Российскую историю XX века так усердно переписывали, что не поймешь, где полуправда, а где неприкрытая ложь. Поэтому с особым чувством открываешь предельно откровенные мемуары настоящего русского доктора. Наш современник академик Чазов назвал своего учителя великим ученым и врачом, который честно и правдиво отразил историю нашей страны от царя Николая II до уникального большевика Н. С. Хрущева.

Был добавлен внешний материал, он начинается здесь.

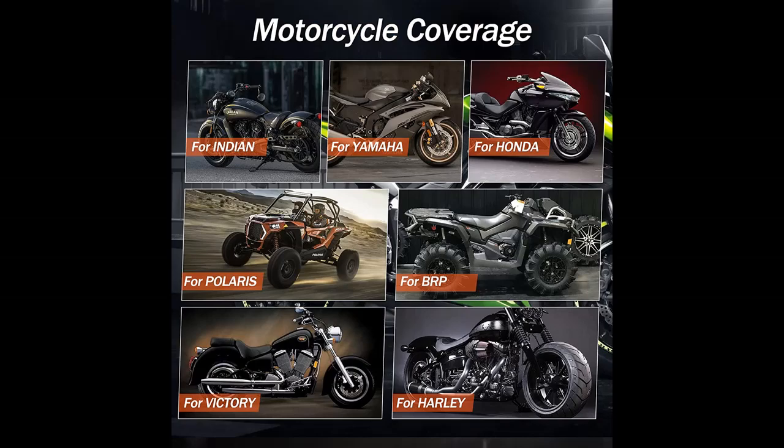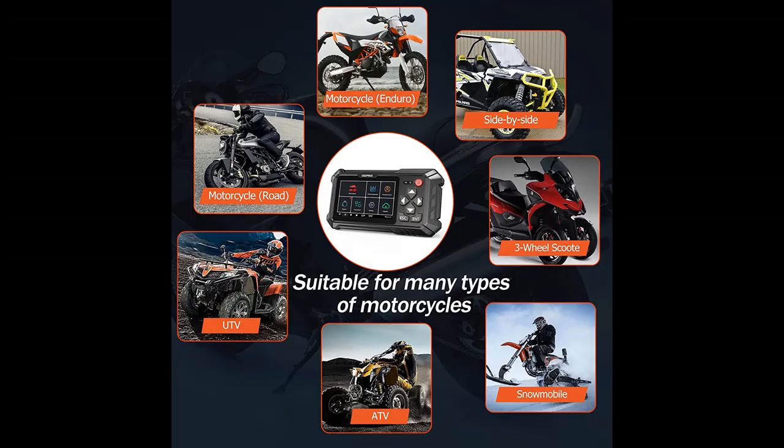Compatible brands include Harley, Honda, Yamaha, Victory, Indian, Polaris, and BRP. Features a Code Reader and Android 5-inch Touchscreen.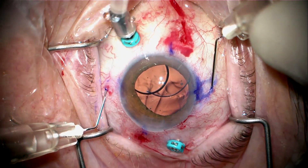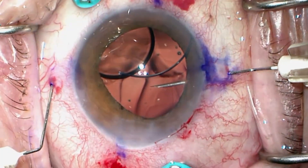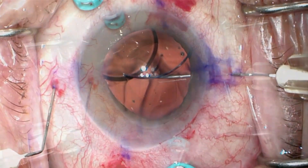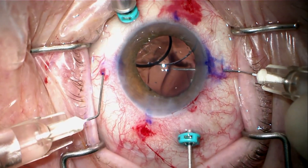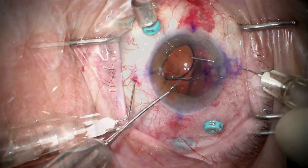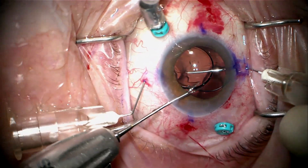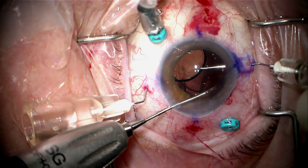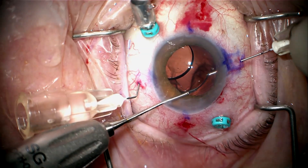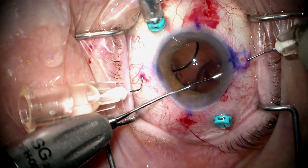This is a long eye and she does have a pretty thin sclera. As I push the needle in, I can see there is some vitreous wrapped around the needle. So I'm going to keep my needle in position and use my left hand to introduce the vitrector so I can cut that vitreous strand. I use the tip of the needle to push the optic and get the haptic in better position so I can grab it closer to the tip and insert it directly into the TSK needle at the proper angle so it slides right in without resistance.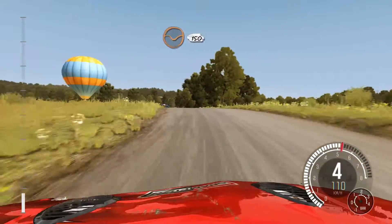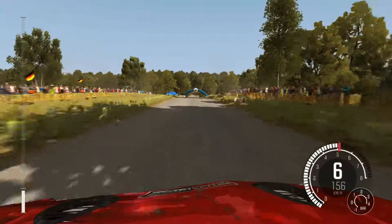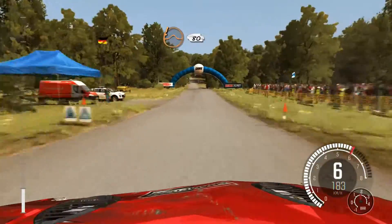One fifty through dip. And crest, pass junction. Care jump, maybe, pass junction, 80. Pass junction.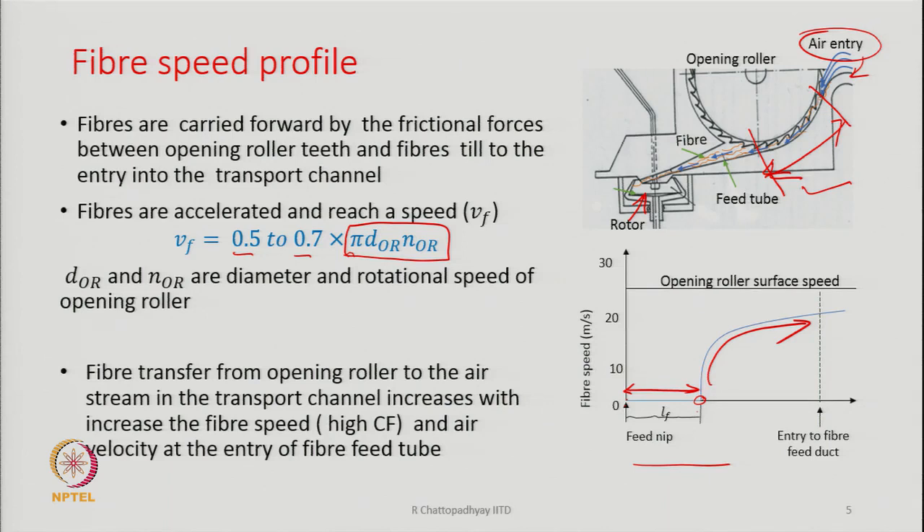In actual processing, the opening roller can get completely filled with fibres and get jammed. Jamming of the opening roller is very common in practice. One of the ways to get rid of this jamming condition is to increase the speed of the opening roller. That is one way to tackle the situation, though not the only way.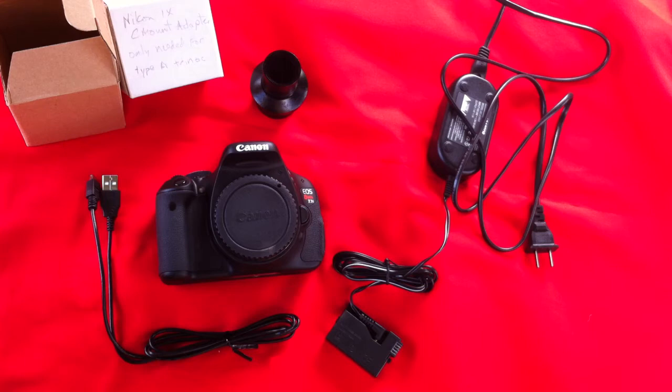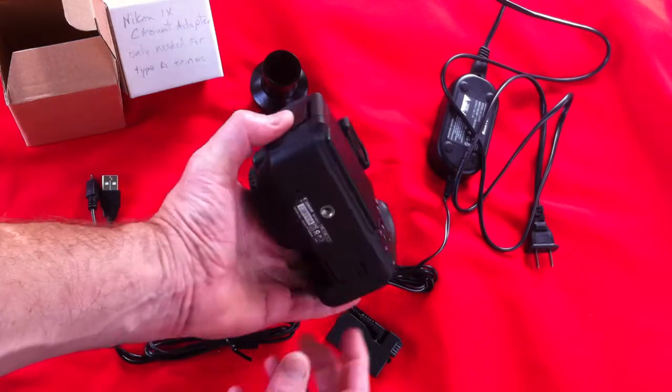This is a short introduction on setting up the Canon camera for use in a microscope. First, we'll put in the AC power supply in the bottom of the camera body.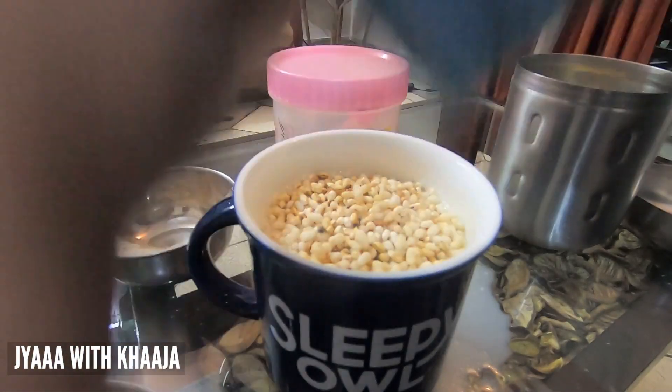So this beverage is Jaa. As I mentioned, Jaa is popular in the Kumaon region, particularly in Munshari. It is a specialty and a very popular, favorite beverage there. So if you go to that area, you should definitely try this.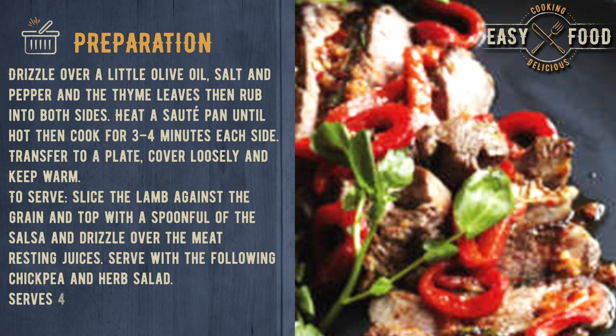Drizzle over a little olive oil, salt and pepper and the thyme leaves, then rub into both sides. Heat a sauté pan until hot, then cook for 3 to 4 minutes each side. Transfer to a plate, cover loosely and keep warm.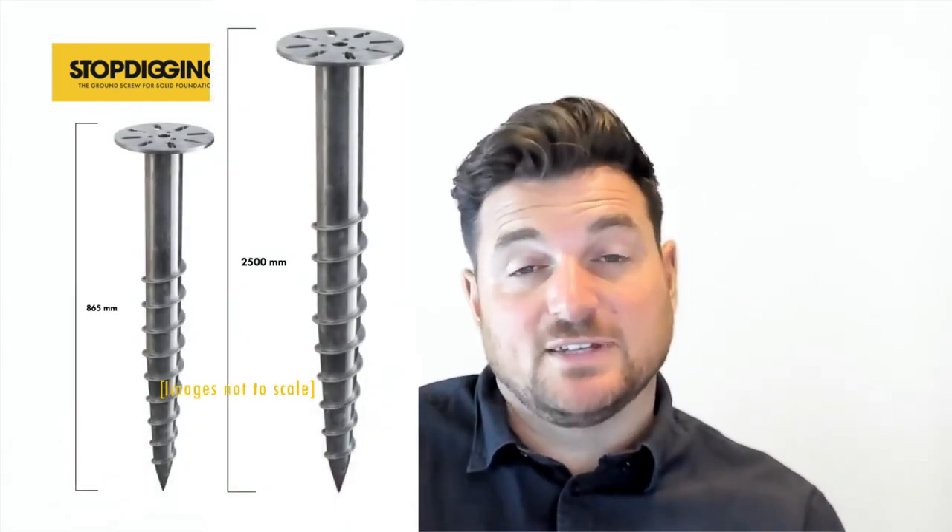They come in a range of sizes, from 900mm all the way up to two and a half meters long — ideal if you need to get below the depth of tree roots. They're fully galvanized, giving lifespans of upwards of 100 years in certain soil conditions. For heavy loadings, our two and a half meter SGC screw can take up to 55 kilonewtons per screw — an incredible amount of weight for individual screws.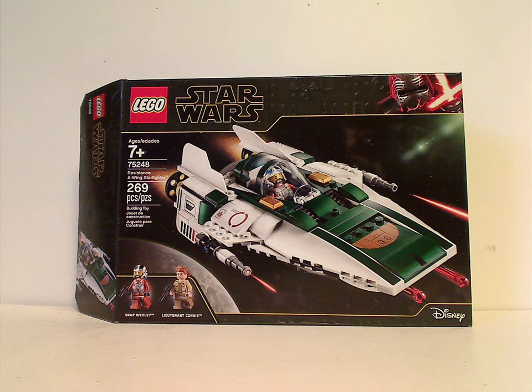Well hello everyone, and here I am with another LEGO Star Wars review — also my first LEGO Star Wars Fall 2019 set review, and my first LEGO Star Wars Rise of Skywalker set review. We'll start it all off with the Resistance A-Wing Fighter.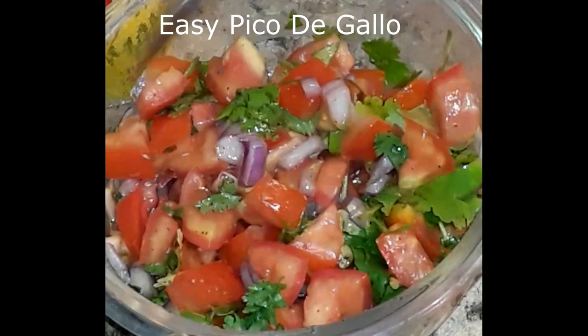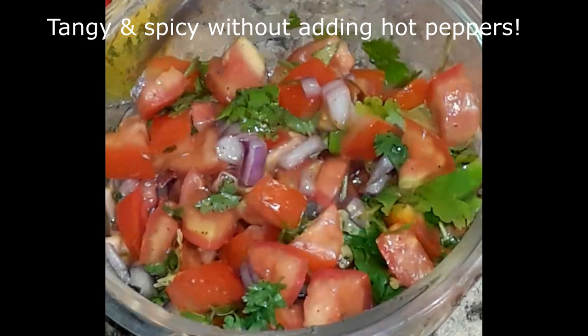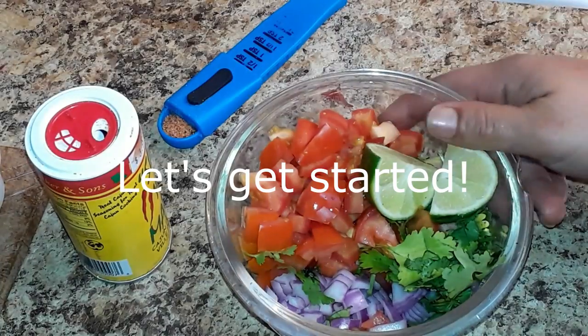This recipe is for my quick and easy pico de gallo. I have a couple different recipes, but this is my favorite one. Since I can't do hot peppers — I can't handle it — this is a pretty mildly spicy recipe. So let's get started with covering the ingredients.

Александр Леонидович боролся в последние годы жизни вождя за ее сохранение и оставил единственное правдивое свидетельство о последних часах и причинах смерти И. В. Сталина. В годы войны он служил главным терапевтом Военно-морского флота и не скрыл жестокую правду о блокаде Ленинграда. А. Л. Мясников был удостоен высшей награды Международного общества "Золотой стетоскоп", коллекционировал картины и ходил в театр с молодыми аспирантками. Его характер и прямые высказывания добыли ему зависть и устойчивое неприятие властей предержащих в СССР. Его не тронули, но на юбилей известного академика и ученого с мировым именем не пришел никто из руководства Минздрава. Рукопись была запрещена к печати и 45 лет хранилась в секретных архивах ЦК КПСС.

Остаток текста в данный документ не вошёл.